HN isn't always very rational about voting. It will be a loss if you judge any idea on their basis.
> It would take a lot of work to make a GPU do current CPU type tasks
In my opinion, that would be counterproductive. The advantage of GPUs is that they have a large number of very simple GPU cores. Instead, just do a few separate CPU cores on the same die, or on a separate die. Or you could even have a forest of GPU cores with a few CPU cores interspersed among them - sort of like how modern FPGAs have logic tiles, memory tiles and CPU tiles spread out on it. I doubt it would be called a GPU at that point.

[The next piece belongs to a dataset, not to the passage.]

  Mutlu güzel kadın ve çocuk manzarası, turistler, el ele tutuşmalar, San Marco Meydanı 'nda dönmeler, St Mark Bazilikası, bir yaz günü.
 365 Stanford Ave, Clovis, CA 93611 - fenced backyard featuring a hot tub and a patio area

Also you'd need to add extra hardware for various OS support functions (privilege levels, address space translation/MMU) that are currently missing from the GPU. But the idea is otherwise sound, you can think of the 'Mill' proposed CPU architecture as one variety of it.
Perhaps I should have phrased it differently. CPU and GPU cores are designed for different types of loads. The rest of your comment seems similar to what I was imagining.

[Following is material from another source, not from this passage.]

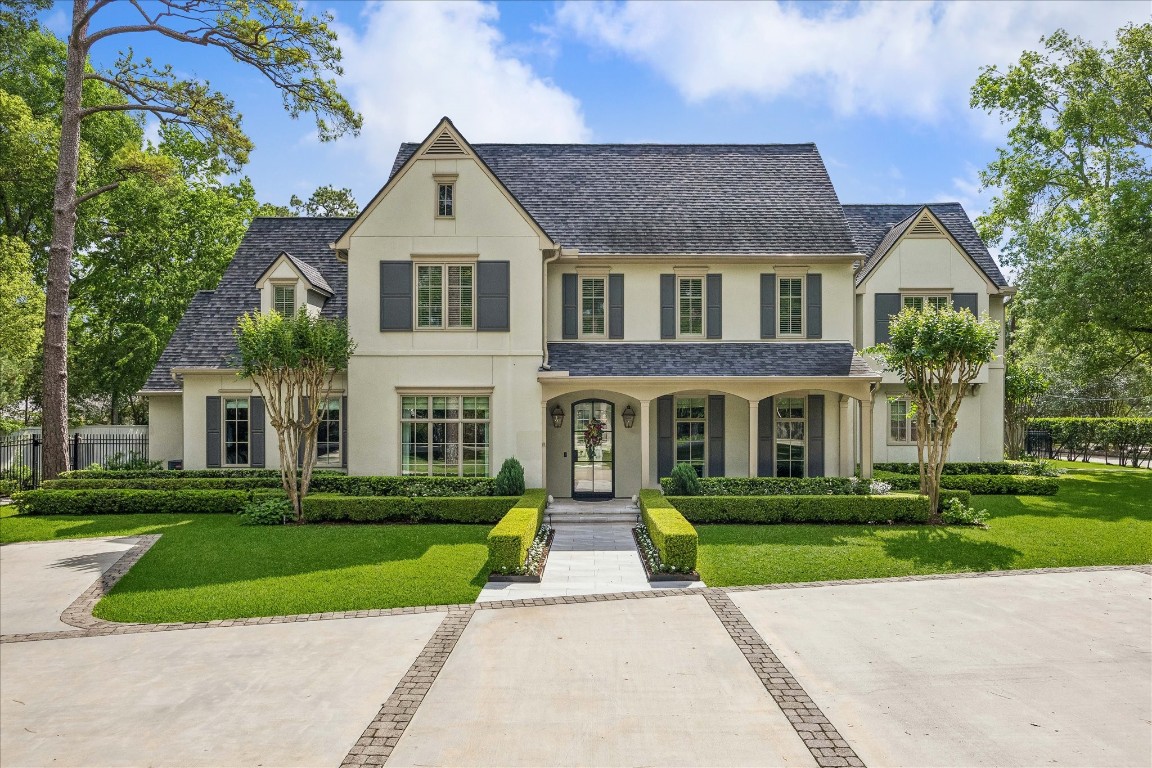 Showstopper in Hunters Creek on an incredible 31,317 SF lot. Notice the double wide driveway and parking pad.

Still, I don't think that enhancing the GPU cores with CPU capabilities (OOE, rings, MMU, etc from your examples) is the best idea. You may end up with the advantages of neither and the disadvantages of both. I was suggesting that you could instead have a few dedicated CPU cores distributed among the numerous GPU cores. Finding the right balance of GPU to CPU cores may be the key to achieving the best performance on such a system.
> If you look at your typical phone or laptop SoC, the CPU is only a small part.
Keep in mind that the die area doesn't always correspond to the throughput (average rate) of the computations done on it. That area may be allocated for a higher computational bandwidth (peak rate) and lower latency. Or in other words, get the results of a large number of computations faster, even if it means that the circuits idle for the rest of the cycles. I don't know the situation on mobile SoCs with regards to those quantities.
In mobile SoCs a good chunk of this is power efficiency. On a battery-powered device, there's always going to be a tradeoff to spend die area making something like 4K video playback more power efficient, versus general purpose compute
Desktop-focussed SKUs are more liable to spend a metric ton of die area on bigger caches close to your compute.
As for how the HW looks like we already know. Look at Strix Halo as an example. We are just getting bigger and bigger integrated GPUs. Most of the flops on that chip is the GPU part.
Also, I'd say if you buy for example a Macbook with an M4 Pro chip, it is already is a big GPU attached to a small CPU.
It would take a lot of work to make a GPU do current CPU type tasks, but it would be interesting to see how it changes parallelism and our approach to logic in code.